**TASK PROMPT:** Print the records below exactly, from the line containing "de_dustgodz thumb 23" down to the line containing "Free Incontinence Supplies", both lines included, and omit every picture.

**TASK INPUTS:**

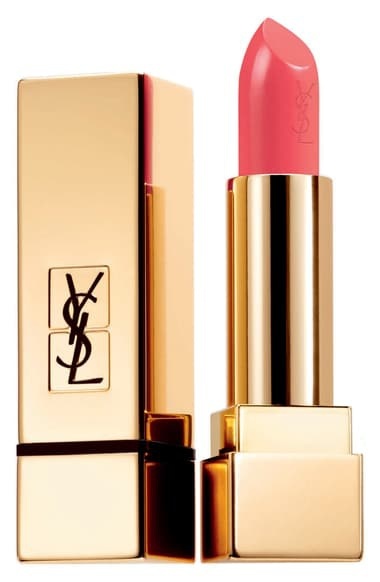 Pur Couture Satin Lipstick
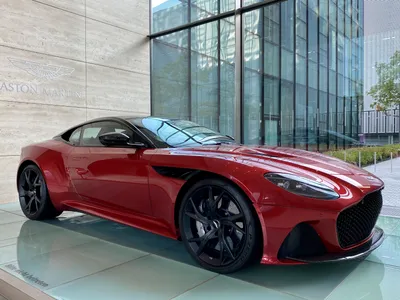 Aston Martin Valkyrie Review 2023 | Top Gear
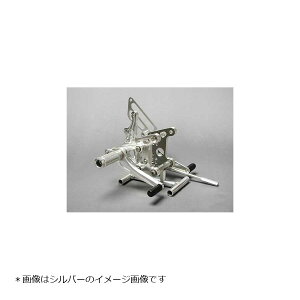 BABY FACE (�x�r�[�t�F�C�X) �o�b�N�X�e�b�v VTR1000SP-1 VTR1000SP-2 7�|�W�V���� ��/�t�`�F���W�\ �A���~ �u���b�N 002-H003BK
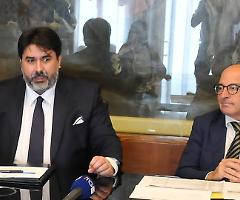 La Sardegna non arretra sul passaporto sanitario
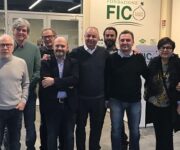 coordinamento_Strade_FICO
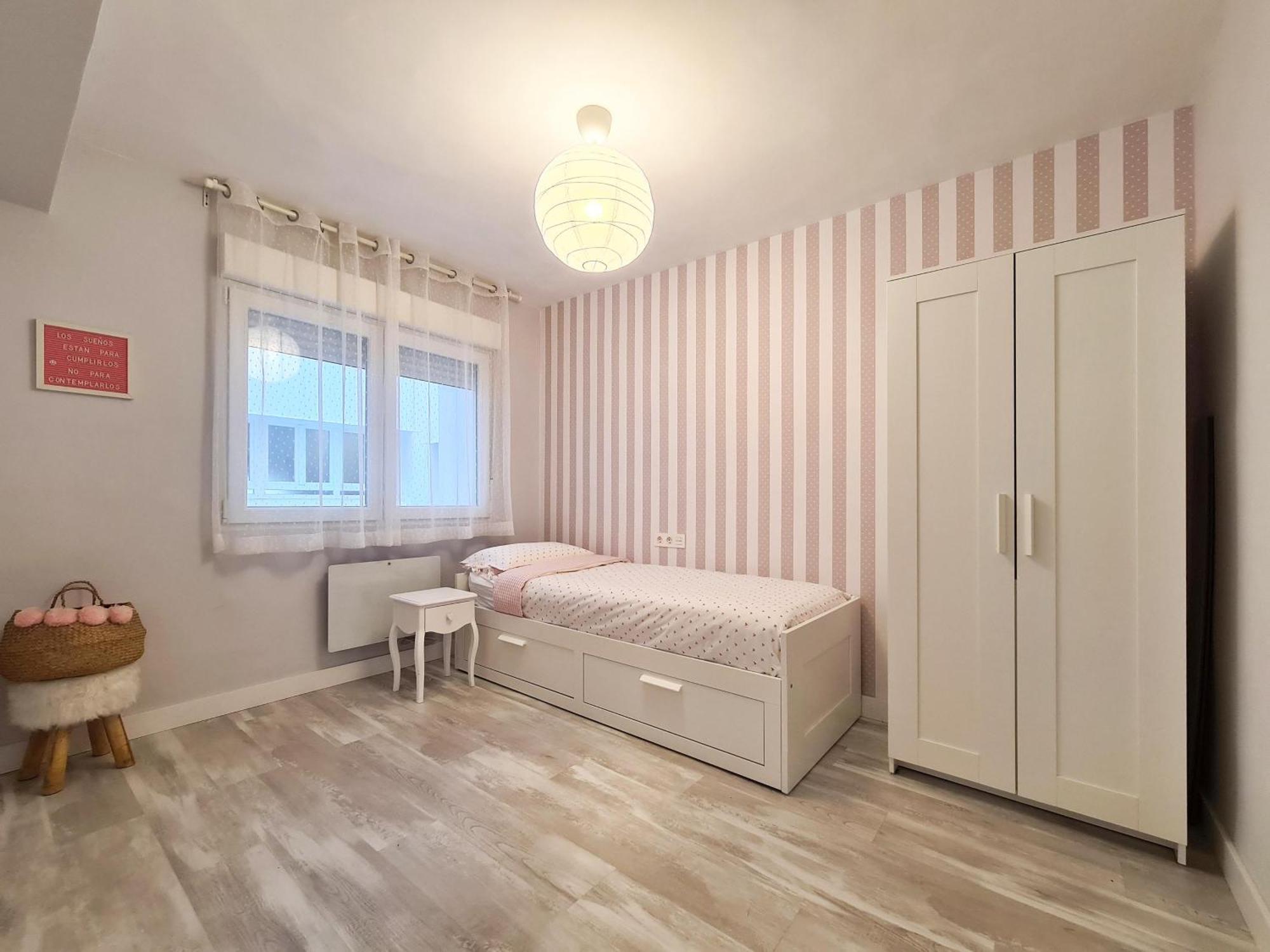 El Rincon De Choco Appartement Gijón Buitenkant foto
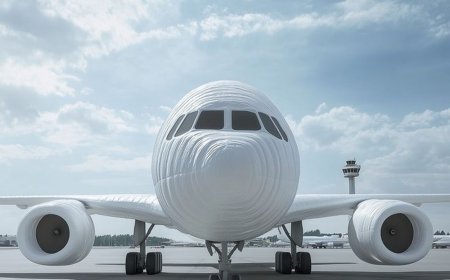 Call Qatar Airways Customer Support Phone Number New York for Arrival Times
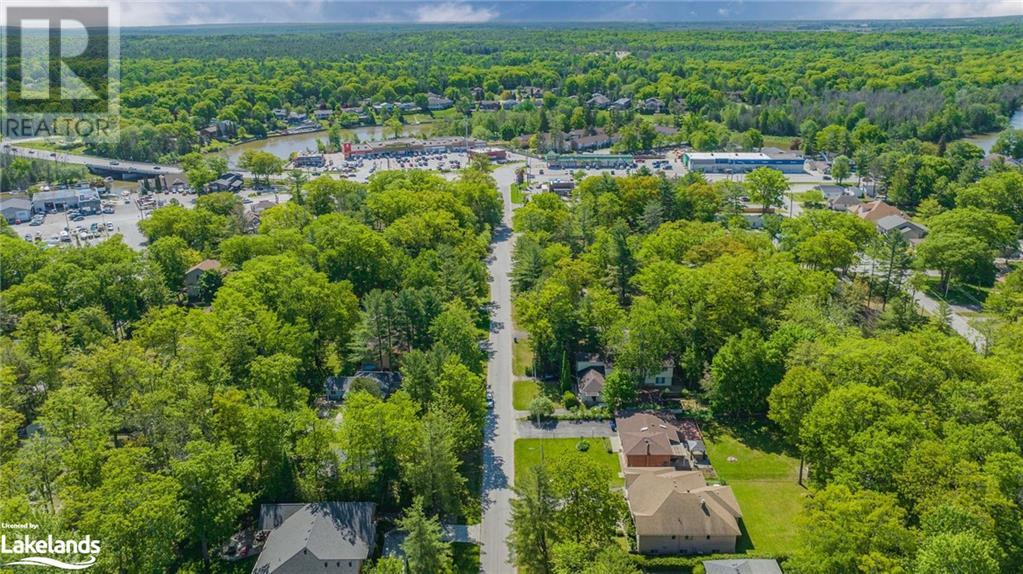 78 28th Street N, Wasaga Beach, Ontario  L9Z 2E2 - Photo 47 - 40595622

--

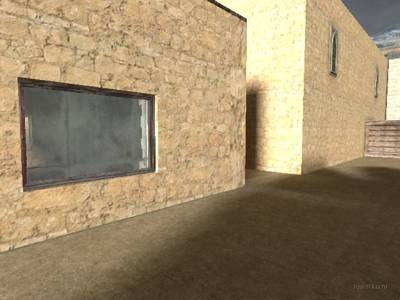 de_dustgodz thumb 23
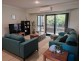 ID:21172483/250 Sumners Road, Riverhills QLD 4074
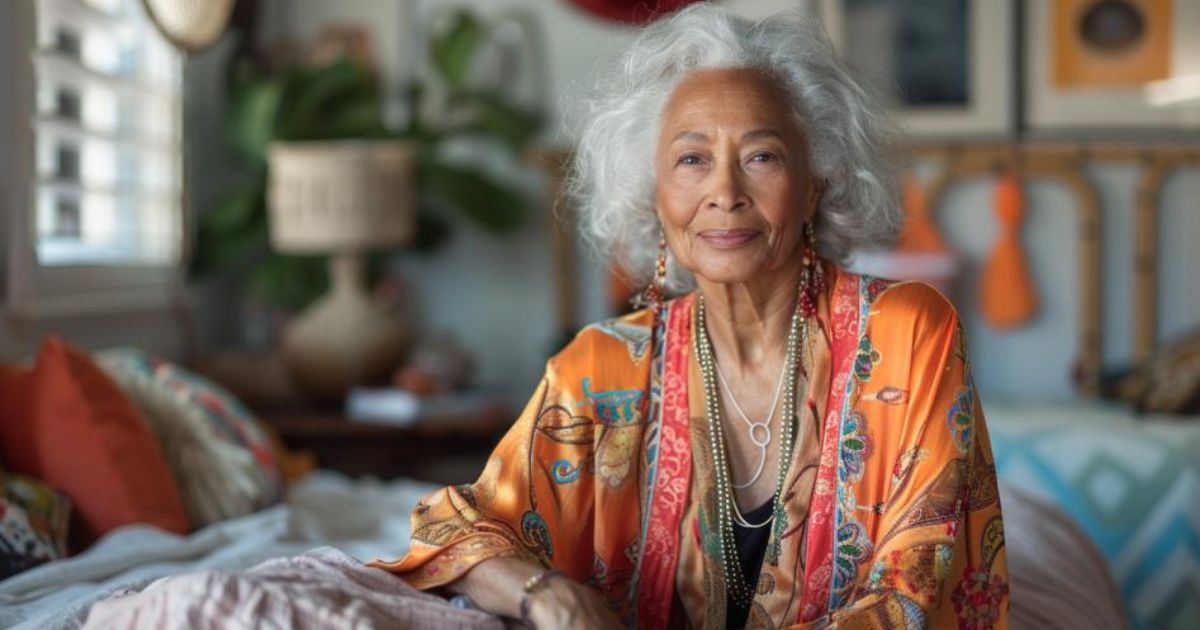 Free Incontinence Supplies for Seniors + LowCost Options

**EXERCISE RESPONSE:**
 de_dustgodz thumb 23
 ID:21172483/250 Sumners Road, Riverhills QLD 4074
 Free Incontinence Supplies for Seniors + LowCost Options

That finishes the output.